Material for this task:
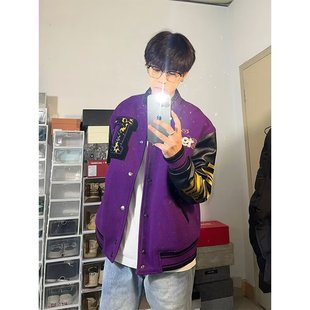 American-style High Street Hip Hop Fashion Brand Men's Loose Wool Leather Embroidered Jacket Spring and Autumn Fried Street Fashion Baseball Suit Jacket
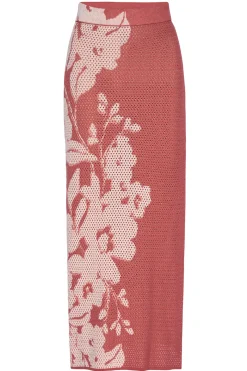 MISA Los Angeles Knit|Midi>MATTI DRESS Pinkhibiscusfloral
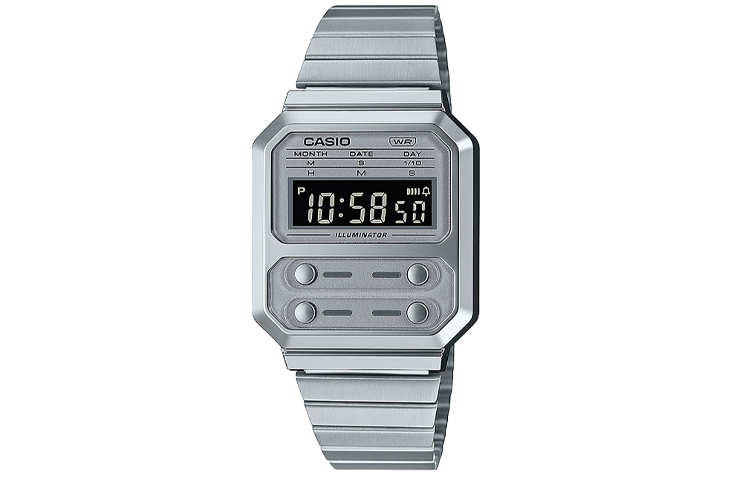 

Унисекс-часы Casio A100WE7BEF серебристые 33 мм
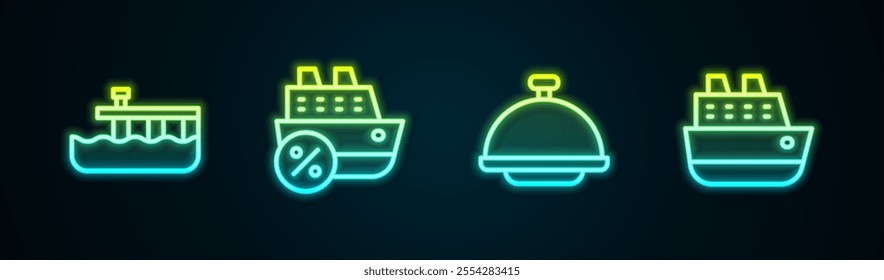 Set line Beach pier dock, Cruise ship, Covered with tray and . Glowing neon icon. Vector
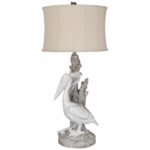 WHITE WASHED SAND STONE COASTAL TABLE LAMP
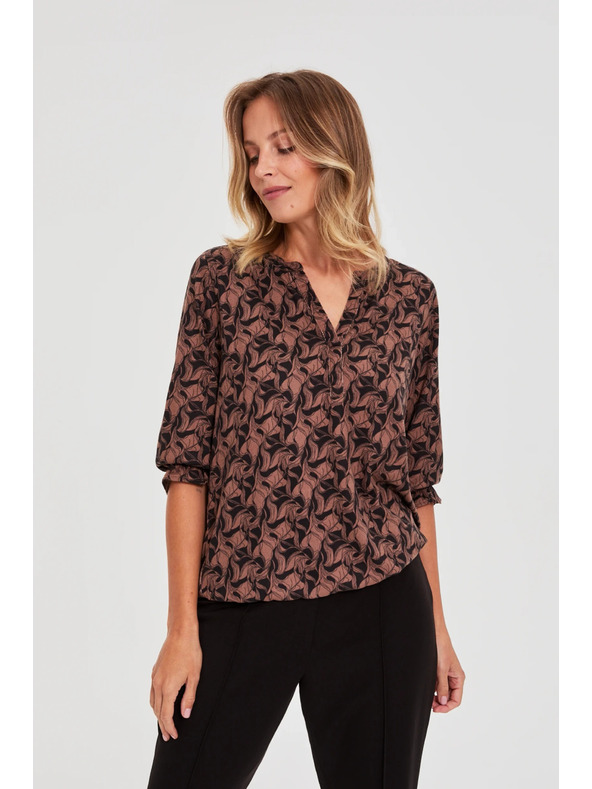 Moodo Rjav pulover s kratkimi rokavi Moodo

What is expected: All the records need to be repeated exactly, with the images dropped.

Solution:
 American-style High Street Hip Hop Fashion Brand Men's Loose Wool Leather Embroidered Jacket Spring and Autumn Fried Street Fashion Baseball Suit Jacket
 MISA Los Angeles Knit|Midi>MATTI DRESS Pinkhibiscusfloral

Унисекс-часы Casio A100WE7BEF серебристые 33 мм
 Set line Beach pier dock, Cruise ship, Covered with tray and . Glowing neon icon. Vector
 WHITE WASHED SAND STONE COASTAL TABLE LAMP
 Moodo Rjav pulover s kratkimi rokavi Moodo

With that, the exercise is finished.